Global has also been linked to a possible bid for SMG's Virgin Radio, although if the GCap offer is accepted, it is likely to be too preoccupied for some time. One thing that is certain, Mr Allen is back in the fray, after being forced to quit ITV in August 2006 amid criticism over his leadership. The former accountant from Lanarkshire, who started out as a management trainee at British Steel, before arriving at Granada with his mentor, Sir Gerry Robinson, in the early 1990s, had spent 15 years at ITV and Granada – ten of them as chief executive.

At ITV, Mr Allen was criticised for putting profits before programmes. He presided over a ratings slump that was as much the fault of programme flops such as Celebrity Love Island as increased competition in a multi-channel environment.

An even worse legacy to the broadcaster was contract rights renewal (CRR), a complicated mechanism which Mr Allen agreed to as part of the creation of a single ITV company, which meant that the rates charged to advertisers shrunk in line with the ITV1 audience.

Lisa Campbell, the editor of Broadcast magazine, said: "Mr Allen has a famous reputation as a bean-counter, frequently criticised for focusing too much on cost-cutting and not enough on creativity. He demonstrated a certain ruthlessness during his time at ITV, consolidating the ITV franchises into a single ITV plc, but achieved that by eroding their businesses and weakening their commercial performance, then buying them up as cheaply as possible."

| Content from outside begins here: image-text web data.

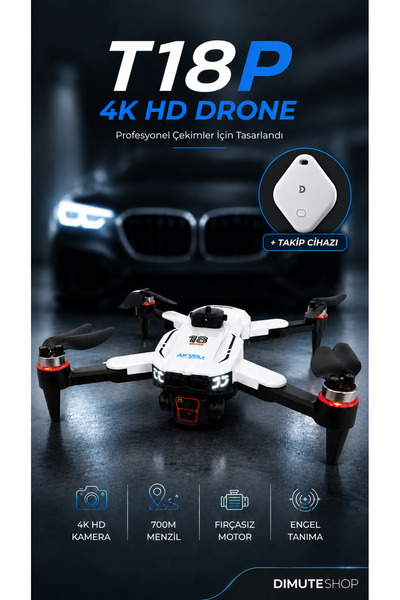 Dimute Shop T18P 4K HD Drone FPV Kamera Fırçasız Motor 700m Menzil Engel Tanı...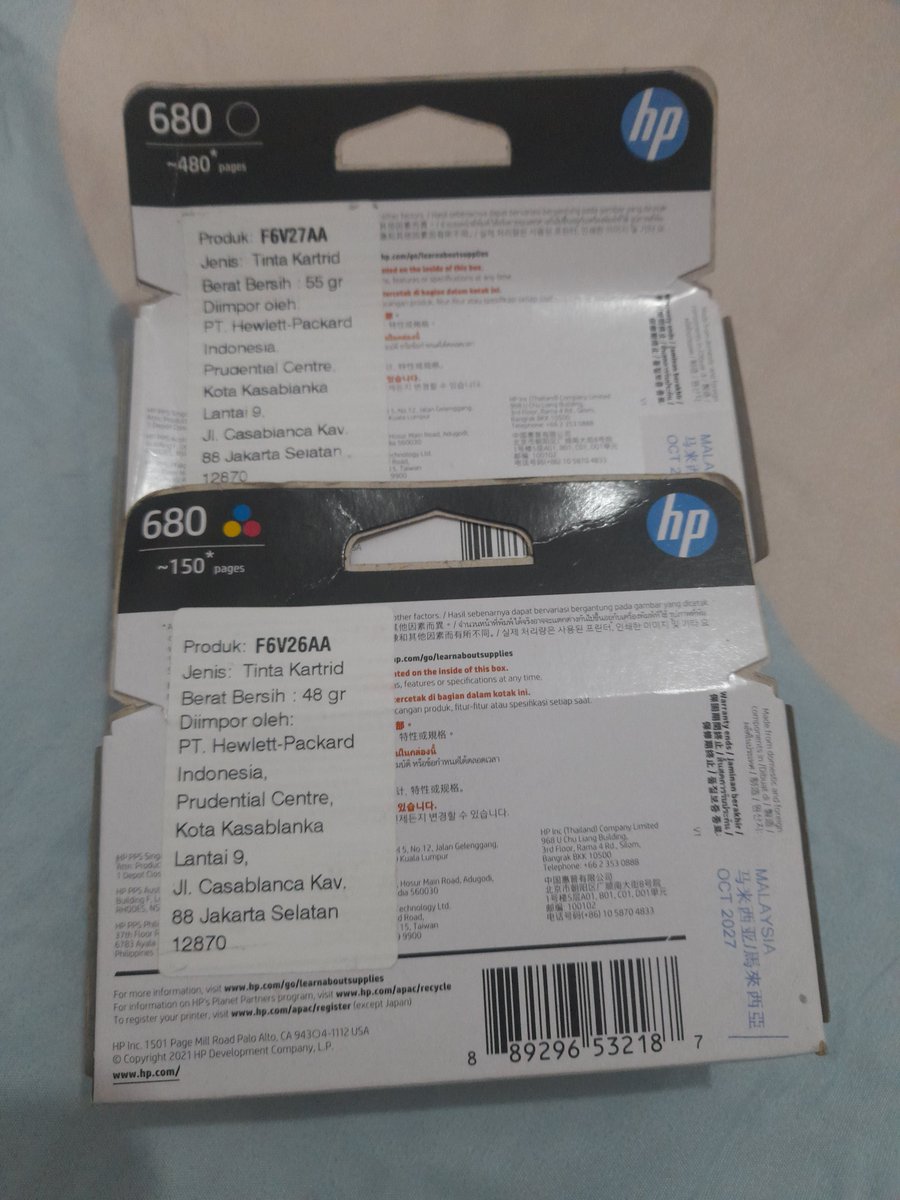 ikojkuy's tweet photo. WANT TO SALE!!!
Tinta HP 680 (Hitam &amp; Warna) 1 set original ink cartridge. 200k
di jual karena salah beli, masi segel belum di buka ya guys. 
dom medan
shopee https://t.co/qbbSqM710e
#wts #tintaprinter #zonauang https://t.co/C9JTa2EM2Q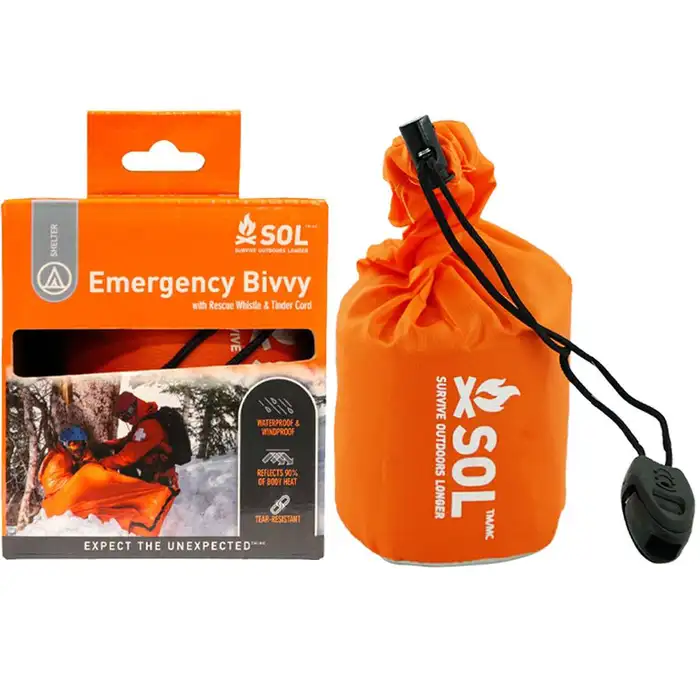 SOL Emergency Bivvy with Rescue Whistle - Survival Orange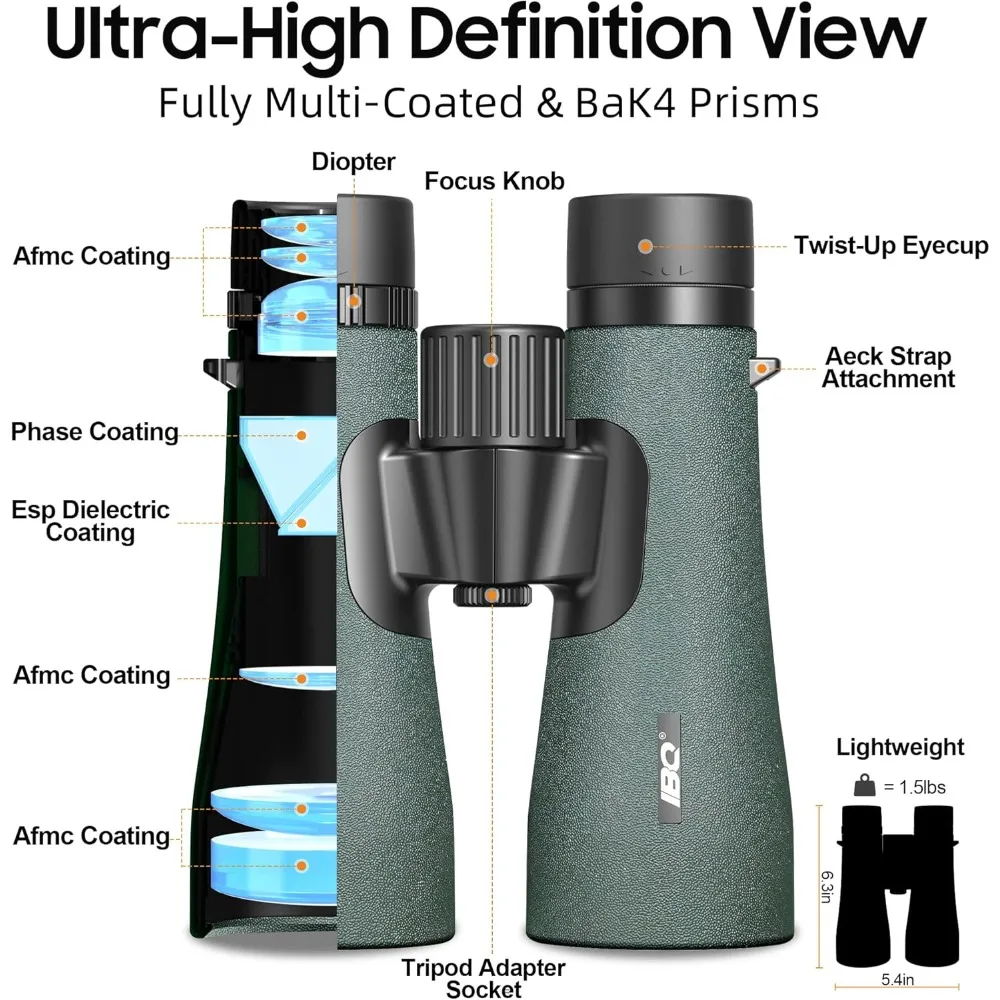 UHD Binoculars for Adults High Powered with Upgraded Phone Adapter - Large View, Lightweight, IPX7 Waterproof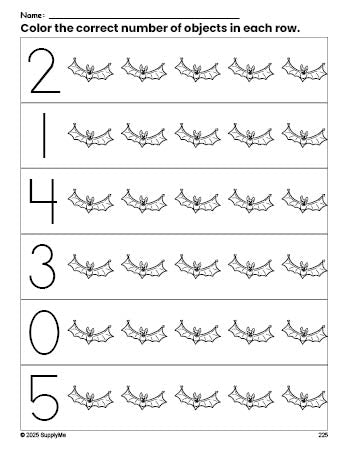 Free printable bat Halloween count and color worksheet for preschoolers, Halloween coloring page and counting worksheet numbers 0-5, PDF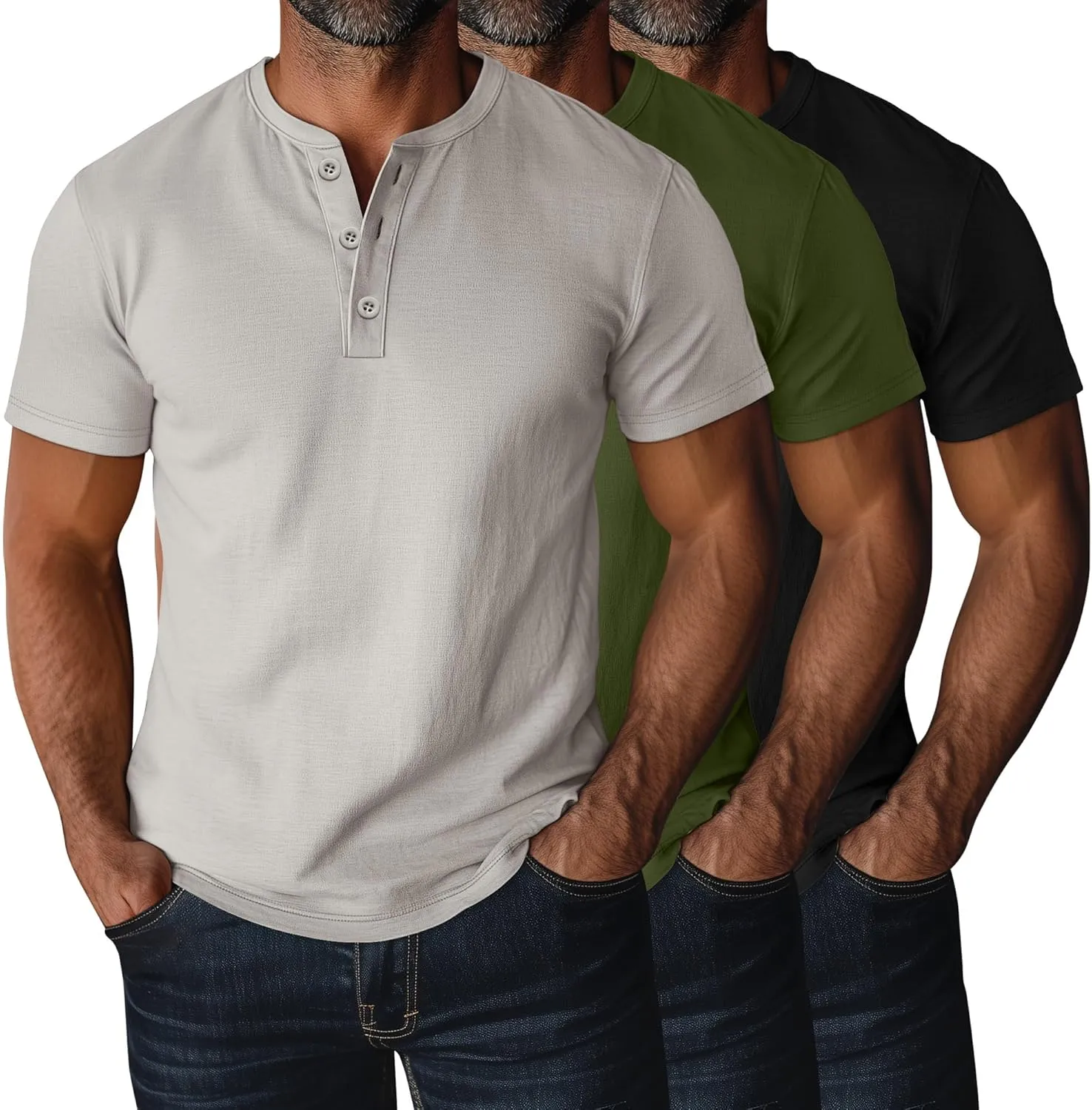 Ficerd 3 Pack Men's Big and Tall Shirts Cotton Short Sleeve Plus Size Tee Loose Fit Casual T Shirts Basic Oversized Tops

To his credit, Mr Allen oversaw the merger between Carlton and Granada in 2002 – surviving Carlton's Michael Green, who had been expected to head the newly-merged company. Perhaps his greatest achievement at ITV was to negotiate a £135m annual saving in ITV's annual licence fee payments with the industry regulator Ofcom.

"Mr Allen was a consummate politician, extracting larger than expected concessions from Ofcom," added Ms Campbell. "This could well be a postive attribute when it comes to negotiations about the future regulation of the radio industry."

A member of the successful London 2012 Olympics bid team, Mr Allen is a staunch Labour Party supporter who was honoured with a CBE for his community work and has been tipped for a seat in the House of Lords. But the energy with which he has approached the GCap bid shows that, as far as the media industry is concerned, Mr Allen has no intention of bowing out just yet.